By Tracey O’Neil
The NMSU Flying Aggies boarded NASA’s “Weightless Wonder” with a new team and a new experiment this summer to perform experimentation in microgravity that could improve the future of space flight. NMSU has been sending Flying Aggie teams to Houston since 2001.
Mechanical engineering students Jeremy Bruggemann, Ryan Cole, Micah Kecman and Gwynne Skaggs-Ryan, along with electrical engineering student Jacob Gilbert, designed the experiment selected to participate in NASA’s Reduced Gravity Student Flight Opportunities Program. This summer, the team traveled to the Johnson Space Center in Houston, Tex. To board the modified McDonnell Douglas DC-9 jetliner to conduct their microgravity experiment.
The team was selected for the competitive NASA program this year for its proposed Inertial Property Algorithm Verification (IPAV) experiment. The project is designed to verify a new algorithm for identifying a spacecraft’s changing inertial properties formulated by Ou Ma, mechanical engineering professor and technical adviser to the team.
Before the team’s departure for Houston, Taylor Owens, an electrical engineering student, assisted the team with the programming for the control system while Joshua Miller, also an electrical engineering student, helped with some of the electrical aspects of the project.
The first week of the team’s 10-day Houston visit included physiological training and time for the team to ready their experiment for flight.

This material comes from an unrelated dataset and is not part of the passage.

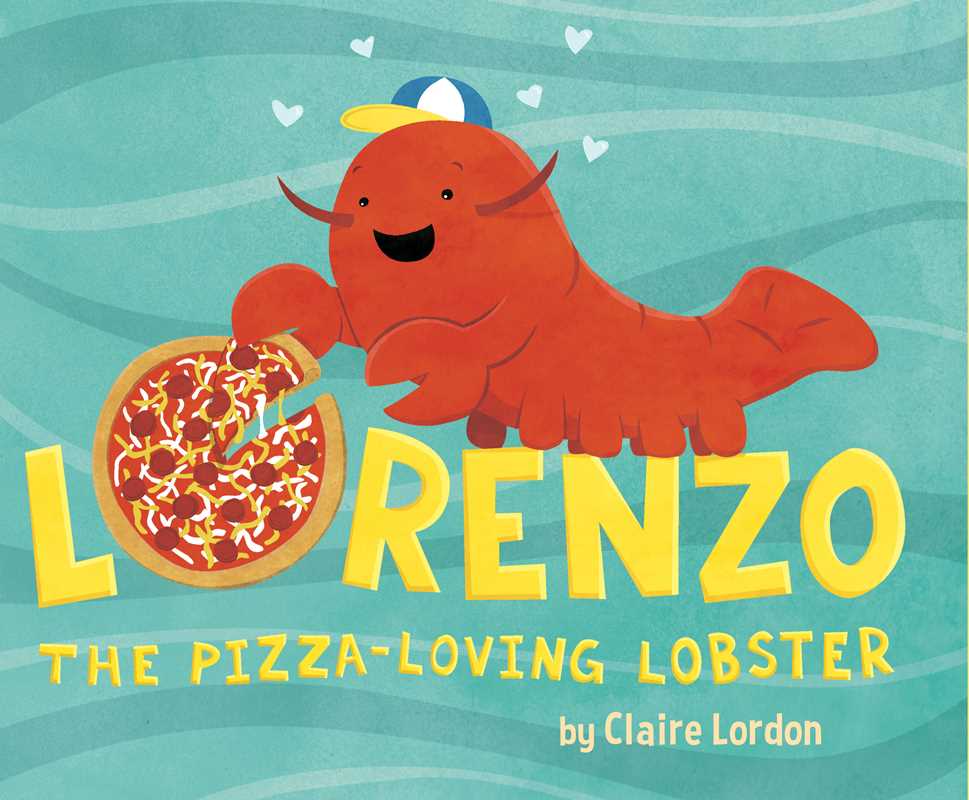 Lorenzo, the Pizza - Loving Lobster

The team members were split for two separate flights. Thirty times on each flight, the plane “noses over” the top of a parabola and as it heads back down toward Earth, the plane’s passengers experience about 25 seconds of microgravity.
Aware that they only had limited amount of time in which to perform the experiment, the team designed its experiment to perform and record specified actions while experiencing zero gravity while team members observed and ensured the apparatus did not get damaged when time was up.
As the 25 seconds of microgravity commenced, one team member released the box-shaped device with a robotic arm attached on top into a free-floating state. Upon being released, the robotic arm began to extend and contract in intervals of 90 degrees to 180 degrees. During these intervals the angular velocity and acceleration of the entire floating system began to change. These parameters were measured and recorded by sensors on board the free floating system. The students are currently processing the data that was recorded and will input it into the algorithm to generate a large set of results. These results will then be compared to results that have been produced at NMSU using precision laboratory equipment in order to verify the algorithm’s accuracy.
Bruggemann said that theoretical studies of the algorithm have shown it to be capable of generating highly accurate results. However, the algorithm needs to be experimentally verified. That is why the experiment needed to be performed. Bruggemann indicated that, in all, the experiment went well due to the efforts of the whole team. If the experiment were to be conducted again, however, the team would improve the release system for the equipment used for generating constant initial conditions of the floating system.
“In all things, we learn from our failures,” Bruggemann said as he described some of the difficulties they encountered in microgravity. He went on to say, “the data obtained is going to help us achieve our goal and possibly contribute to the advancement of spaceflight technology. If proven to be accurate, the algorithm could be implemented to make space flight more efficient and provide savings in fuel.”
Stomachs turned on the flight reminding everyone why the aircraft is sometimes referred to as the “vomit comet.”
“I think the best part of the experience was the experience itself,” Bruggemann said. “It was an invaluable experience that I wouldn’t trade for anything.”